Maureen Müller und Sebastian Wirsching haben von den 5 000 Euro Honorar einen Flug über Leipzig gedreht, sie wollen eindrucksvolle Architektur wie das Bildermuseum und das City-Hochhaus aus ganz ungewöhnlichen Perspektiven zeigen und eine Paddeltour durch die Kanäle im Szeneviertel Plagwitz unternehmen. Maureen, 24, stammt aus Bernstadt auf dem Eigen bei Görlitz. Sebastian, 25, kommt aus Homburg am Main bei Würzburg. Sie haben sich beim Studium in Mittweida kennen- und lieben gelernt, sind nach einem Praktikum nach Leipzig gezogen. Vor zwei Jahren haben sie am Stadtrand ihr Studio „Malolepzie“ gegründet. Von dort beliefern sie große Agenturen, Autofirmen und Modelabels mit Fotos, Videomaterial und PR-Konzepten.

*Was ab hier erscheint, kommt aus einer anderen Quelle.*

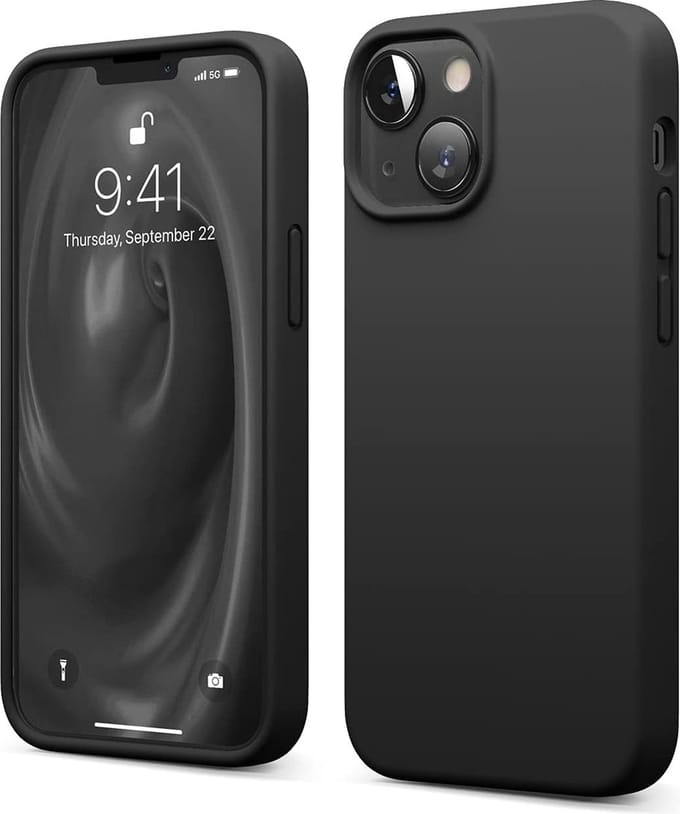 HB Hoesje Geschikt voor Apple iPhone 13 Mini - Zwart - Siliconen Back Cover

Leipzig, Sachsen, ist ihnen dafür ein perfektes Zuhause geworden. „Die Stadt ist offen und kosmopolitisch“, sagt Maureen. „Je länger wir hier sind, umso mehr fühlen wir uns willkommen.“ In der Größe der Stadt könne man untertauchen, aber man sei nie anonym. Als junge Leute, die aus der Kleinstadt kommen, genießen sie diese Atmosphäre. Jetzt zeigen sie ihr Leipzig für „So geht sächsisch“: persönlich, authentisch und „mit einem Funkeln in den Augen“, sagt Maureen. Sie ist das Gesicht des Kurzfilms, sie leitet die Kamera ihres Partners durch die Stadt und erzählt davon, wie sie die Stadt erlebt. Maximal zwei, allerhöchstens drei Minuten soll der Film lang werden. Ausländerfeindlichkeit oder Rechtsradikalismus werden darin keinen Platz haben, weil sie auch in ihrem Leipziger Leben nicht vorkommen, sagen die jungen Filmemacher. Vorschriften habe man ihnen nicht gemacht. „Der Film ist für uns ein einzigartiges Sprachrohr“, sagt Sebastian. „Wir haben selten so viel Freiheit bekommen.“

Die Kampagne „So geht sächsisch“ war vor fünf Jahren gestartet, um dem Image von der verpönten rechten Hochburg andere Bilder entgegenzusetzen. Jährlich stehen dafür vier Millionen Euro Steuergelder bereit. Kritiker etwa der Linken beklagen, die Heile-Welt-Kampagne habe mit der Realität nichts zu tun. Das Geld könne man für Soziales oder Kultur besser ausgeben.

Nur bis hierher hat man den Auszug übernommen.